How to Configure Spark Application (Scala and Java 8 Version with Maven) in Eclipse
A step-by-step, developer-friendly guide to setting up Apache Spark applications in Eclipse/Scala IDE using Maven, with both Java and Scala examples. —
Table of Contents
Introduction
Apache Spark is a popular big data processing engine known for its fast, in-memory computation. This guide will help you set up a Spark project in Eclipse (Scala IDE), configure Maven, and run sample Java and Scala Spark applications.
Tools and Prerequisites
- Scala IDE for Eclipse (Download)
- Example: Scala IDE 4.7.0 (supports both Scala and Java)
- Scala Version: 2.11 (ensure your compiler matches this)
- Spark Version: 2.2 (set in Maven dependency)
- Java Version: 1.8
- Maven Version: 3.3.9 (embedded in Eclipse)

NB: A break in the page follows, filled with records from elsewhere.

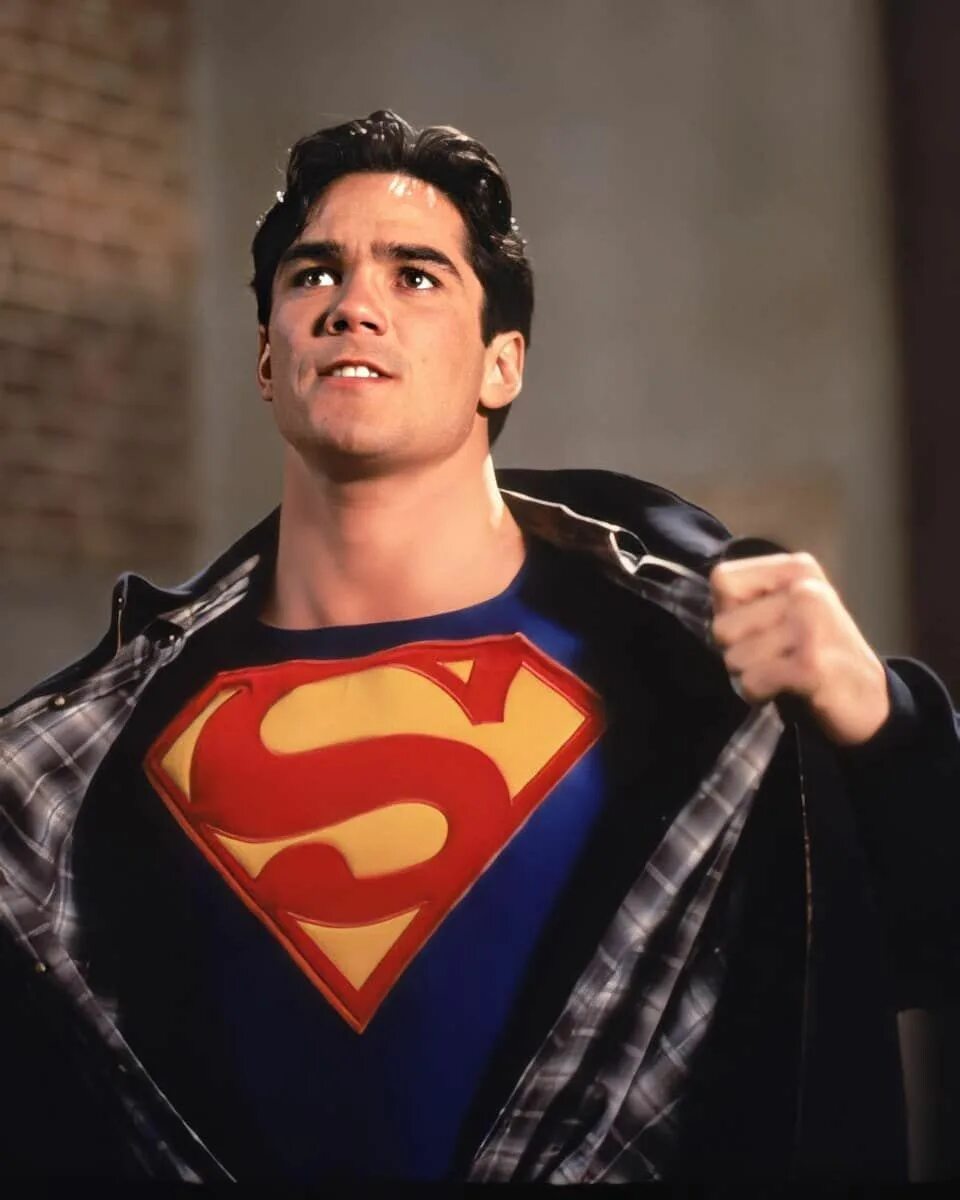 Кларк кент супермен. Кларк Кент тайны Смолвиля. Том Уэллинг Супермен.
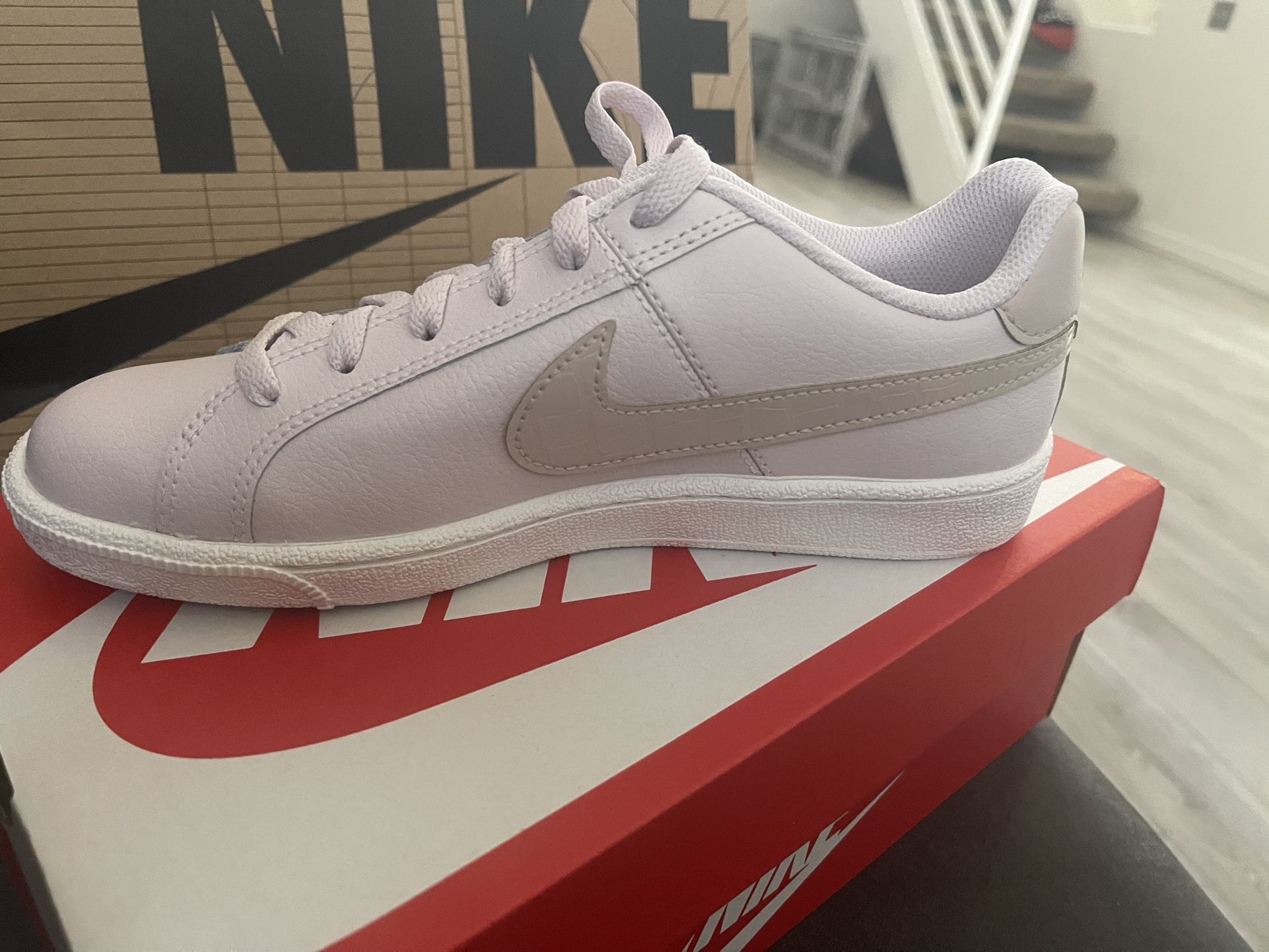NEW NIKE WOMENS SHOES COURT ROYALE SIZE 7.5. LIGHT ROSE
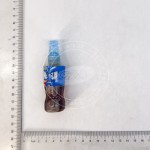 苏打味和液体糖果喷雾糖果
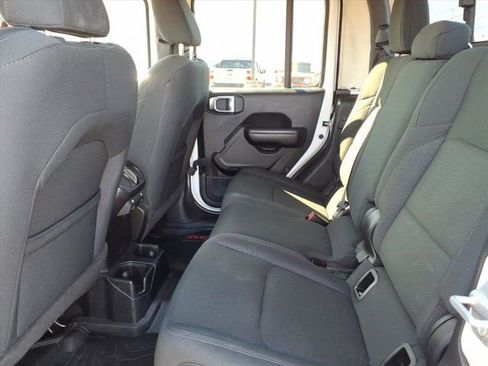 Used 2020 Jeep Gladiator Sport w/ Quick Order Package 24S image 25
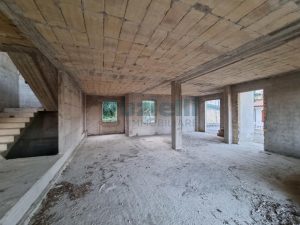 L’Agenzia Immobiliare Puzielli propone villa bifamiliare con giardino e garage a Grottazzolina (8)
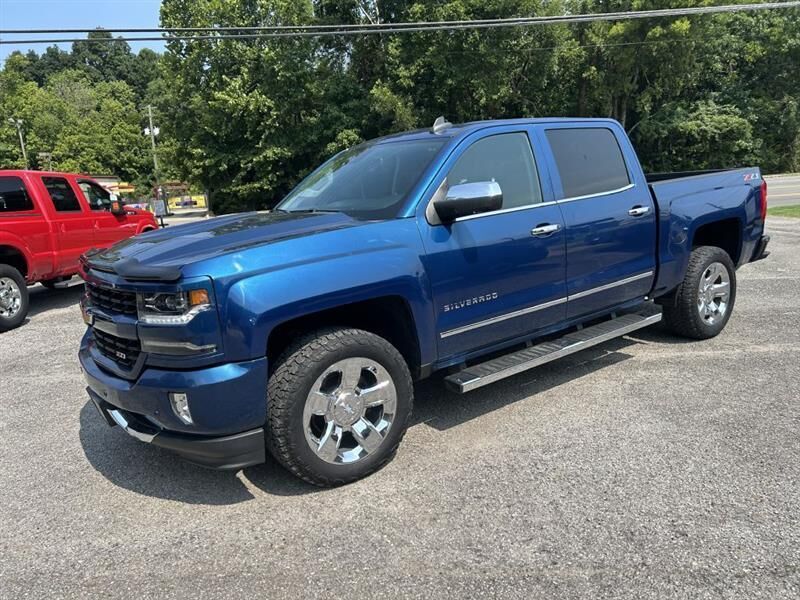 2018 CHEVROLET Silverado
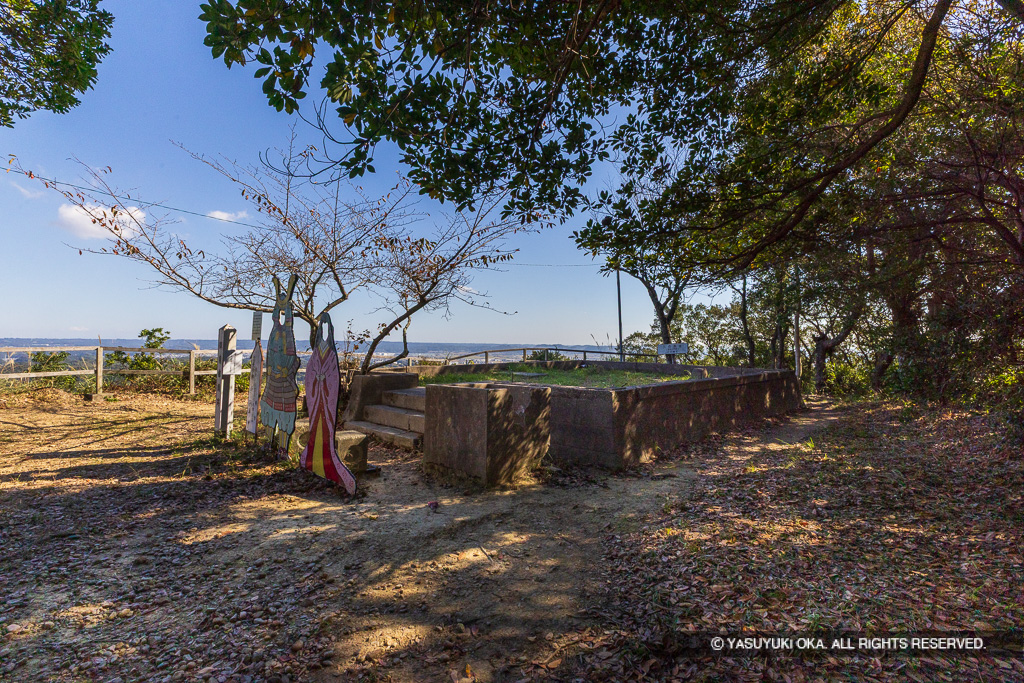 御前曲輪跡・模擬天守跡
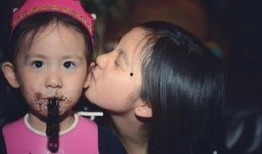 黄磊爆料女儿2岁视频,网友直呼可爱到爆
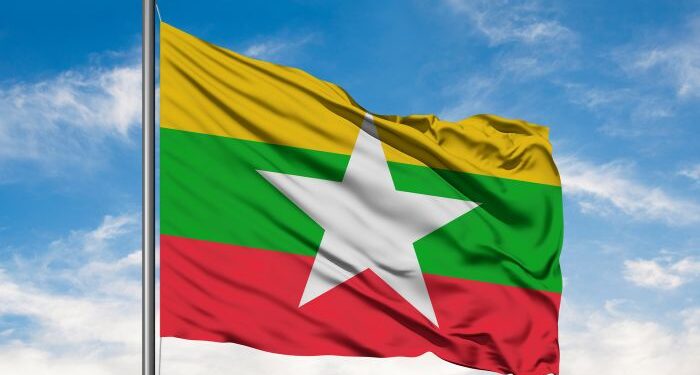 Pastor conta os desafios de viver como deslocado com a família em Mianmar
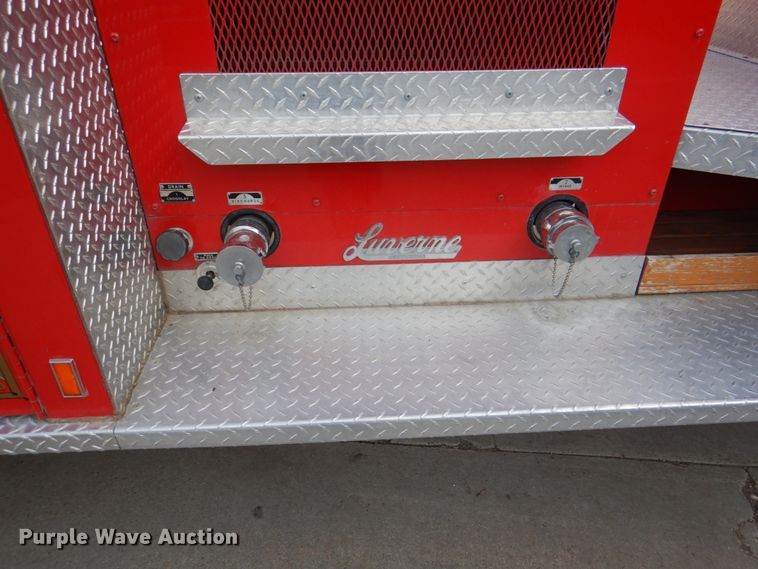 image for item KW9881 1983 Ford F800  pumper fire truck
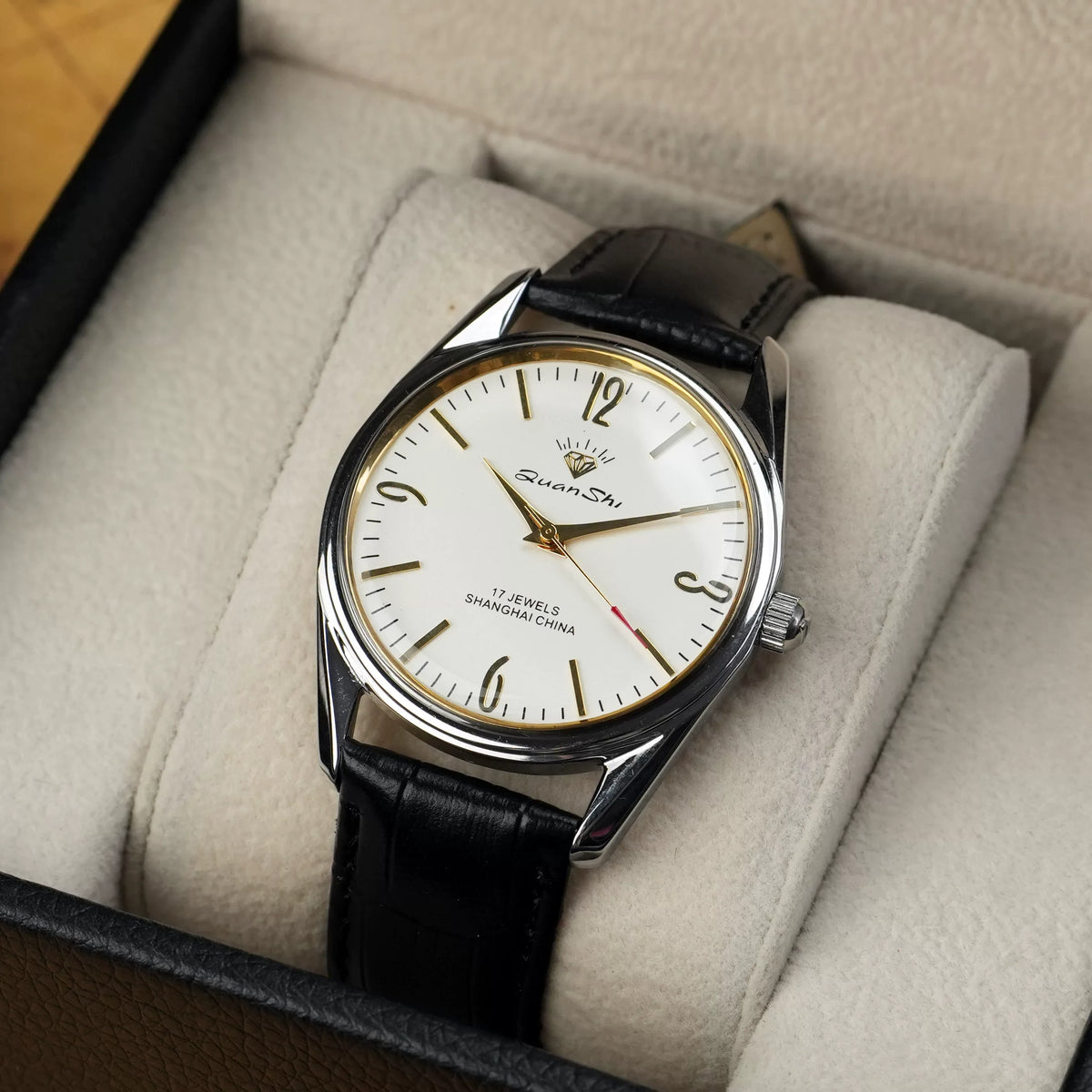 Diamond Brand Men's Manual Wind Watch Vintage Leather Strap Waterproof
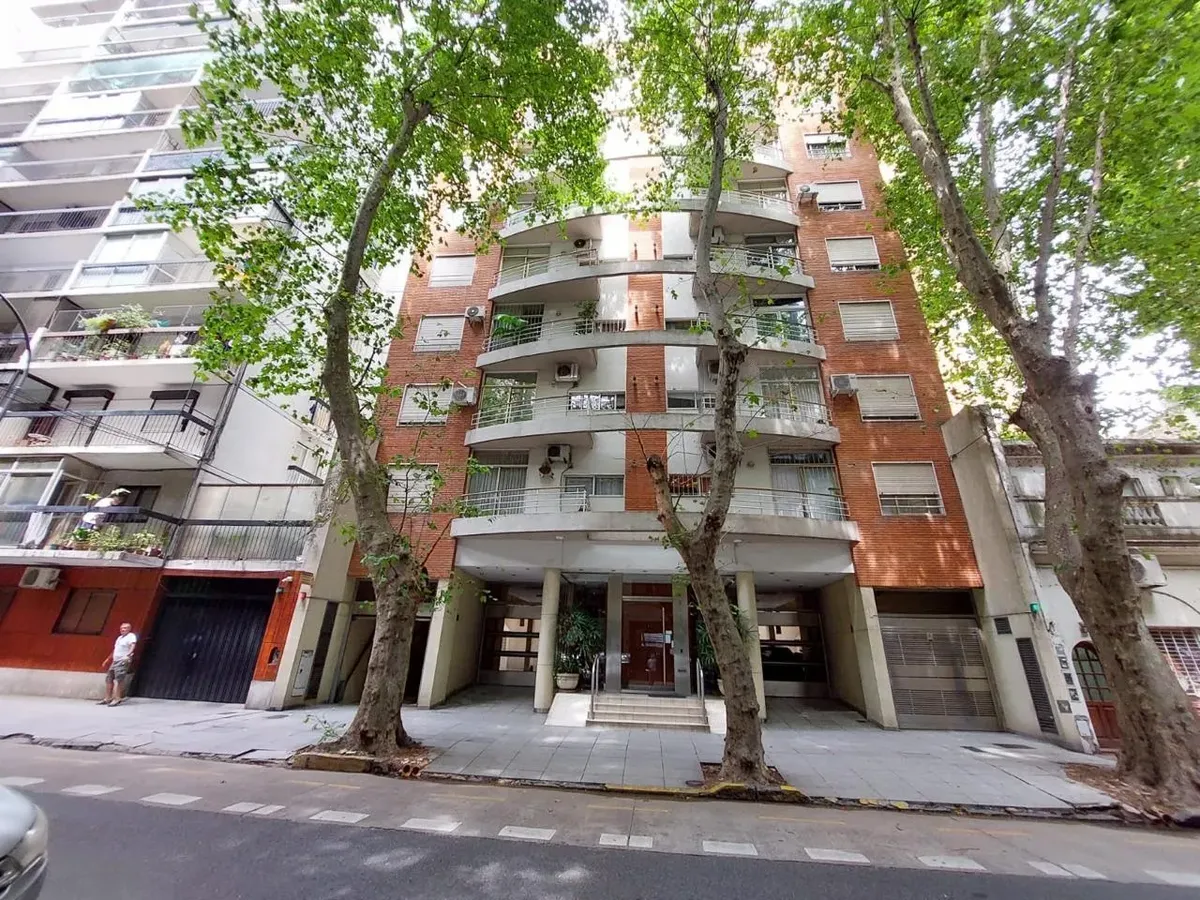 Piso 4 con balcón y cocina a gas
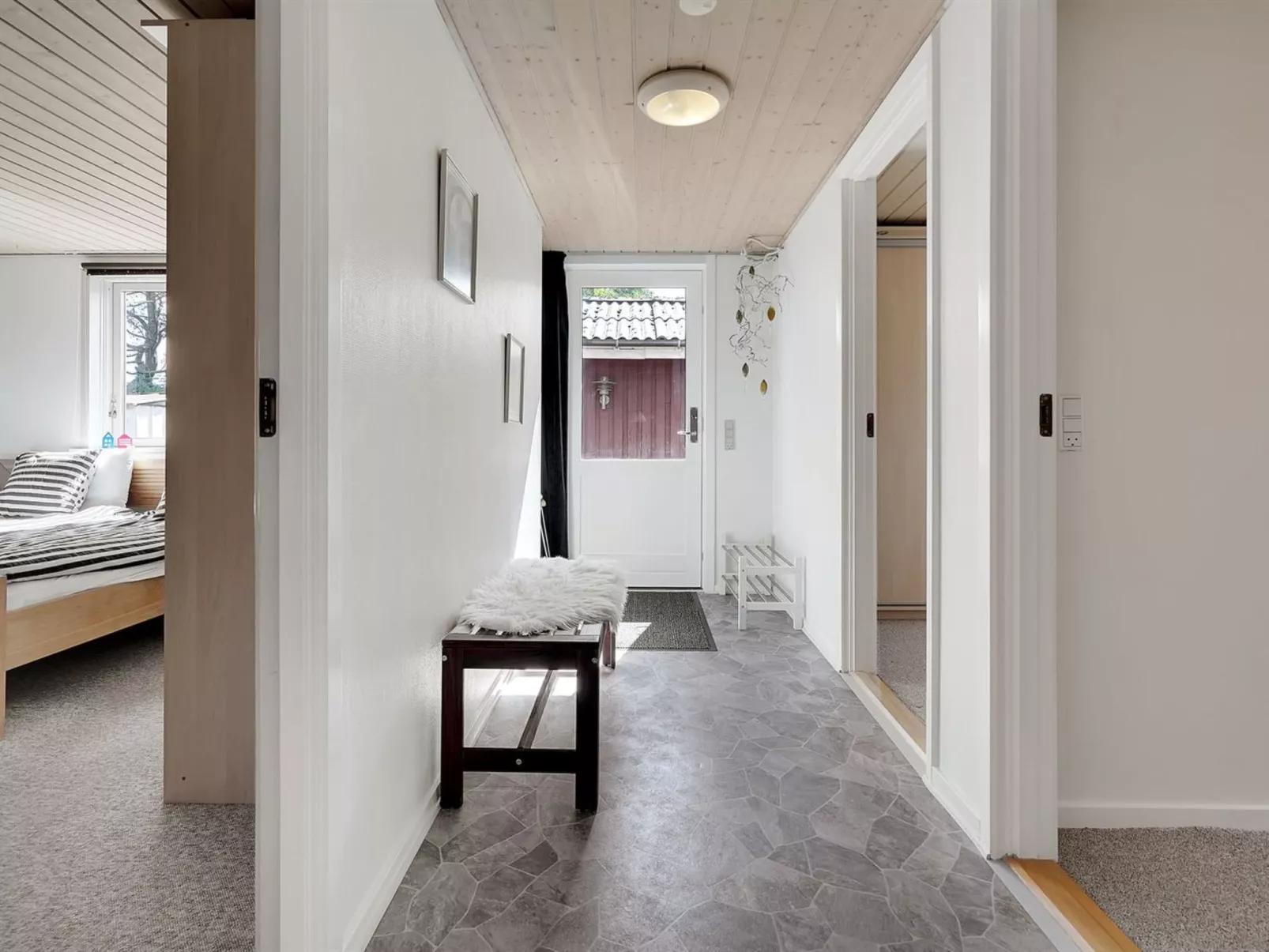 "Mina" - 1.4km from the sea-Binnen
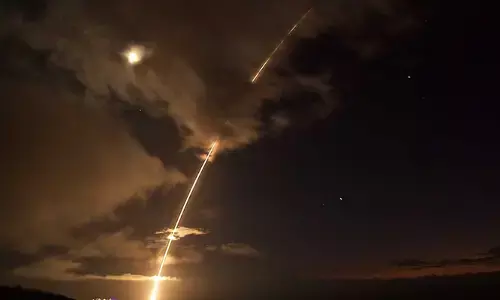 ആകാശത്ത് ഇറാന്റെ മിസൈലുകൾ പായുന്നതിനിടെ രാജ്യത്ത് മറ്റൊരു തലവേദനയും; കടുത്ത നടപടികളുമായി യുഎഇ; 25 പ്രവാസികളെ കൂടി അറസ്റ്റ് ചെയ്യാൻ ഉത്തരവ്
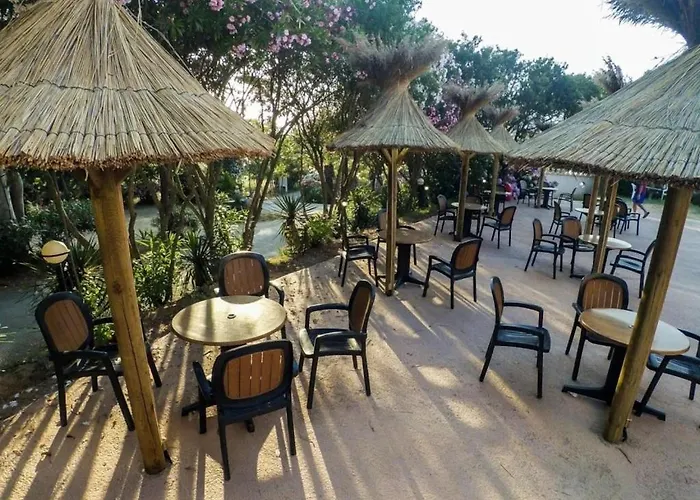 Chalet Zecamping 3 Etoiles A 1km De La Piscine Jacuzzi Animaux Acceptes *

- winutils.exe (for Windows only)
Windows Note: winutils.exe
If running on Windows, you need Hadoop binaries in Windows format. winutils.exe
provides this functionality. Set the hadoop.home.dir
system property to the bin
path containing winutils.exe
.
- Download winutils.exe
- Place it at:
C:/hadoop/bin/winutils.exe
- See this guide for more details.
Creating a Sample Spark Application in Eclipse
Maven Project Setup
- In Scala IDE, create a new Maven Project.
- Replace the generated
pom.xml
with the following:
<project xmlns="http://maven.apache.org/POM/4.0.0" xmlns:xsi="http://www.w3.org/2001/XMLSchema-instance"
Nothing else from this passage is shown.